Judges will be able to order media to take down fake news, block access to offending websites and close social media accounts that spread untruths, Macron said.

The bill will be presented to parliament before the end of the year, government spokesman Benjamin Griveaux said on Thursday.

The problem is: what is fake news?

Macron targets fake news

Meanwhile, France's broadcasting regulator, the Conseil Supérieur de l'Audiovisuel (CSA), will check on broadcast media to "fight any destabilisation attempt by television channels controlled or influenced by foreign states", Macron said.

Macron wants a kind of self-censorship, comments Isabelle Veyrat-Masson, a research director and media specialist with at the CNRS thinktank in Paris.

“But the problem is: what is fake news?" she asks. “It is not easy to know what is fake and it is sometimes difficult to say what news is. Because very often, news looks like an opinion. And often, people consider something to be fake news when it is not their opinion. And the risk of making a law against fake news is that freedom of opinion may be infringed upon."

Internet exacerbates long-running problem

Governments have been trying to regulate rumours or “fake news” for a long time, Veyrat-Masson says, pointing out that France's 1881 press law had a clause on "fausses nouvelles" (fake news).

“It is an old problem, usually during war time or during crises. Macron is again trying to solve this problem.”

The internet has exacerbated it, she argues. “When you had the print press, there was a lot of fake news. But the fake news stopped at the end of the paper. With internet, everything is lasting."

But how to pin it down?

“It is very difficult to legislate freedom of expression and fake news since we have the right to say nonsense,” says Patrick Eveno, a media specialist with Sciences Po.

“It seems that [Macron's proposed] law is limited to election periods and only aimed at people who pay to broadcast false news. In reality, it may not be very effective since most of it comes from social networks so it is more for civil society and media professionals to find a solution,” he says.

Russia hacks Macron

Russia was involved in hacking the computers of Emmanuel Macron’s Republic on the Move party during last year's election campaign, according to anti-hacker companies such as the Japan's Trend Micro and Wired magazine quoting NSA director Michael Rogers.

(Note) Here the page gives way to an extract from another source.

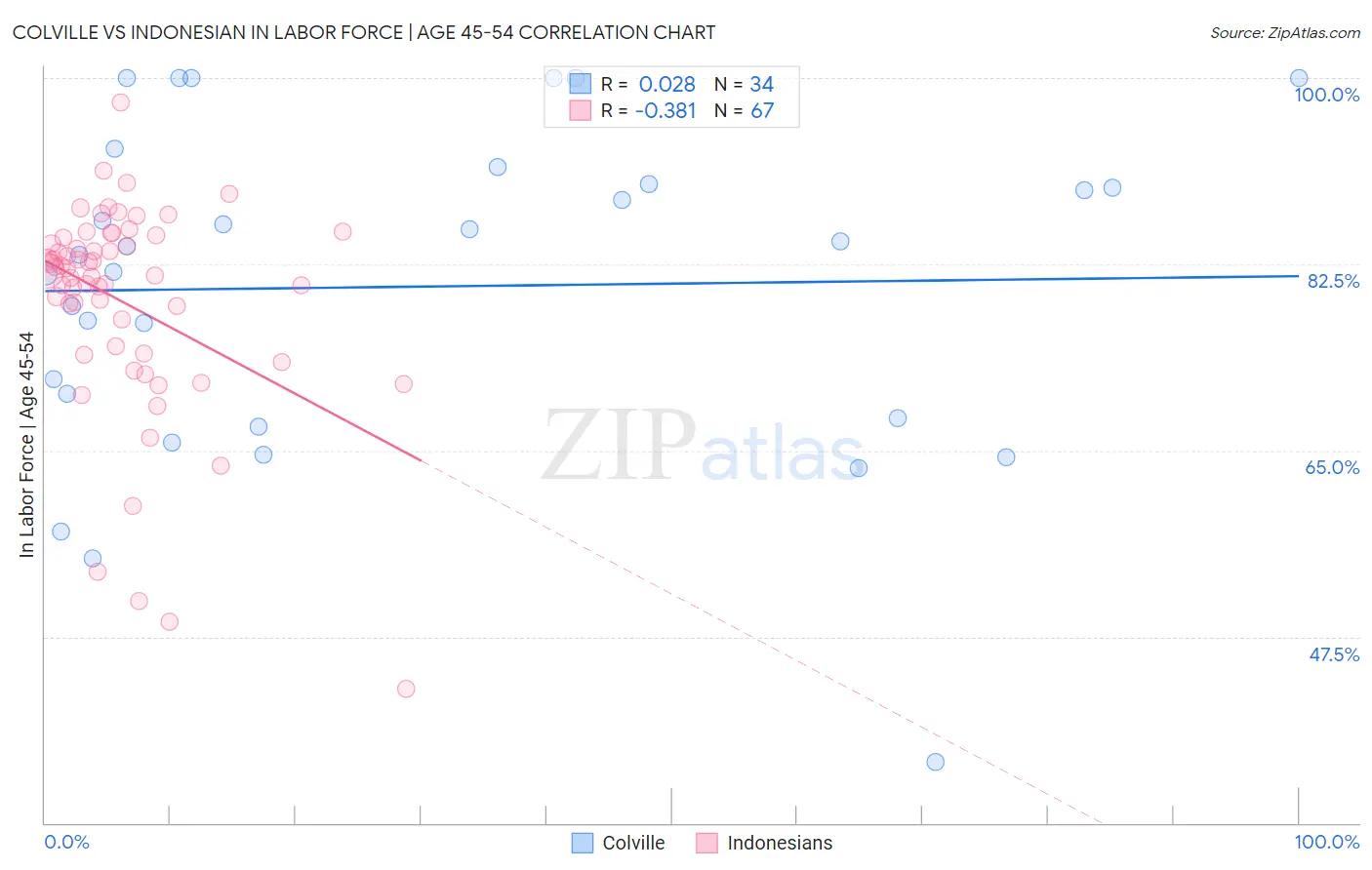 Colville vs Indonesian In Labor Force | Age 45-54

Critics say that Russian-backed Twitter accounts and media outlets such as TV stations Russia Today and Sputnik used the information to influence the elections.

But both organisations deny any attempted manipulation.

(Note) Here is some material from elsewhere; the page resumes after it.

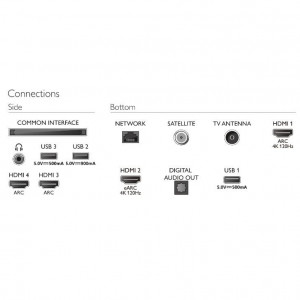 Televizor OLED TV 65" PH 65OLED707/12 - Img 4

On its French website, RT published several critical articles of Macron’s remarks, adding that “67 percent of the French think that freedom of expression is in danger”.

Freedom of the press

Dmitry Babich, who works for Sputnik and contributes to RT, calls Macron’s remarks proof of “how much the West’s so-called democracy degraded since the 1970s”, when the Washington Post published the Watrergate revelations and the Pentagon Papers.

"Now the leader of a big European country can openly call for banning the media because they published leaked documents," he comments, although Macron's remarks on Wednesday did not include a specific proposal to ban the publication of leaks.

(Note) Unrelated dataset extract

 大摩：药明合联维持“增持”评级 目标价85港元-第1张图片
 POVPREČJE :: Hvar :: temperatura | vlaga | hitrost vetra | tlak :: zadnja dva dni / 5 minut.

“If these documents were true, then he should respond," Babich argues. "He should explain why these documents are representing him or his party in a bad light. He should not be going after the media that publish them.”

Macron “cannot cite evidence that RT or Sputnik intentionally lied” in their reporting, he says.

Germany this week passed a “Law on the Improvement of Enforcement in Social Networks,” the NetzDG that also targets fake news.